Her childhood wasn’t perfect, but she wouldn’t let that erase her happiest memories.
May 2, 2014
In the 1940s, trains were my father’s world. A machinist for the Southern Railway, he once surprised me with a trip to the roundhouse in Atlanta, where he worked. I was four years old. The steam engines were the biggest things I’d ever seen, but I wasn’t afraid with Daddy beside me.
He took me right up into the driver’s seat, pulled on his engineer’s cap and set me on his lap. “Ready, honey?” he said. “Here we go.”
The engine blasted, the wheels cranked up, and we were off, chugging slowly at first and then picking up to full speed. From my spot at the very front of the train, I could see the tracks lit up by the engine light. In fact, I was sure I could see angels riding the rails with us.
No princess had ever made an entrance so grand as I did pulling into Atlanta’s Union Station that night. The trip had taken under an hour, but I would never forget it, or my heavenly escorts.

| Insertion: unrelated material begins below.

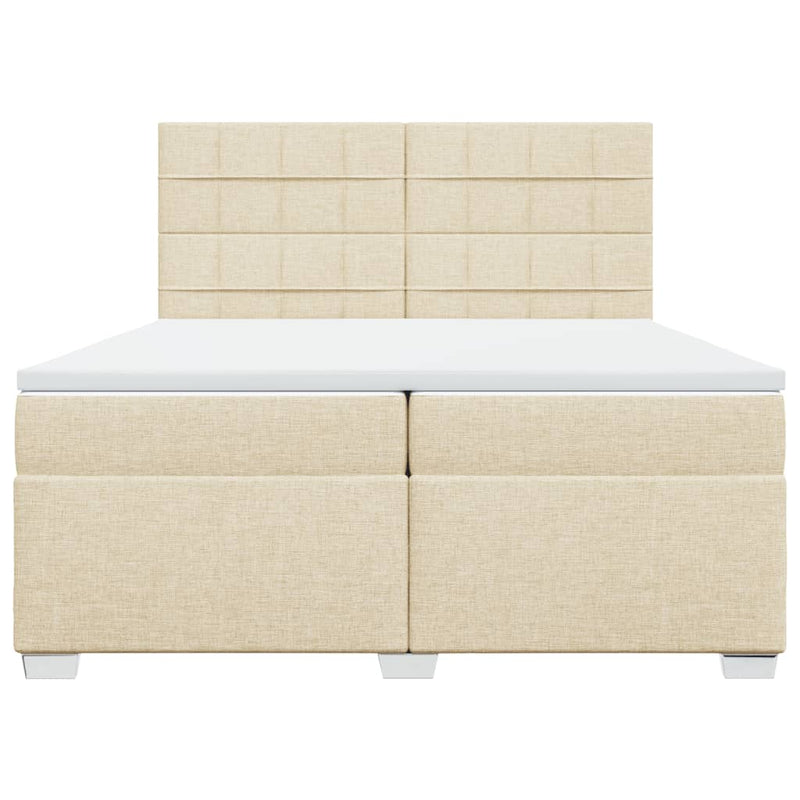 Pat box spring cu saltea, crem, 200x200 cm, textil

That memory remained a bright spot as I got older and life at home got darker. The father who took me on that special train ride was slowly replaced by an unpredictable, sometimes frightening alcoholic.
He left for work at the train yards in the afternoon around the time I was coming home from school, so I rarely saw him. Truth be told, I was glad to miss him. It was easier that way.
One summer, years after that childhood trip to the roundhouse, I boarded another train with my mother and two sisters. We were off on our annual visit to my grandparents in New England, with free tickets, as always, thanks to Dad’s railroad job.
Our trip north had become a welcome break for all of us, but for me especially this particular summer. My relationship with Dad was at an impasse, and I’d forgotten that he was or ever could have been anyone but who he was at his worst.
“Top bunk!” my sister Diane and I called when we found our Pullman car.
Mom and my baby sister, Vickie, shared the bottom. I breathed a sigh of relief as we left Georgia–and my troubles–behind. We took turns reading aloud until it was time for bed. I stayed awake long after the others were asleep, enjoying the rocking motion of the train.
When it slowed down I raised the shade at the window and peeked out at the destinations passing, one small town after the other. I fell asleep, dreaming of angels riding the rails with me.
Late the following night, we arrived in Providence, Rhode Island. From there we drove on to Bridgewater, Massachusetts, where my maternal grandparents lived. Excited but exhausted, we climbed up the stairs to their three-story flat.
On my pillow was a new pair of pajamas and a new doll. When I slipped under the covers I still felt the train moving beneath me, like angels rocking me to sleep.
Weeks drifted by like the scenery outside our Pullman car window. My sisters and I played house under the grapevine trellis, explored the town square, had sodas at the drugstore. This is the way life should be, I thought one afternoon on my way to the library.
I checked out as many books as I could carry and took them up to my grandparents’ attic along with my new doll. “Today I’m going to teach you about fractions,” I said to my “student.” “And we’re also going to learn some history from these books.”
All afternoon I lectured in my make-believe classroom, dreaming of becoming a real teacher. Why not? On summer days anything seemed possible. Except what I wanted most: for summer to last forever.
Eventually signs of autumn began to appear: back-to-school displays in shop windows, bales of hay in the fields. My grandparents waved good-bye to us at the station.
My angels had escorted me to a peaceful place, and I was sad to leave. That night, when Mom and my sisters were asleep, I peeked out the window, squinting, searching for my angels.
It was hard to see anything at all in the dark. Not like sitting on Dad’s lap in the very front of the train, where I could see by the engine’s light. It was as if my love of trains and angels was born that night. Over time my love for both had grown deeper.
In a way, I thought, each time I got on a train I was taking the best part of my father with me. Maybe I could hold on to my roundhouse-trip memory after all, and cherish the best of my dad.
I lay back and enjoyed the rocking motion of the train. One day I’d be old enough to ride on my own. I could go anywhere I pleased, make the life that I wanted. For now I knew that angels were coming home with me, always lighting my way.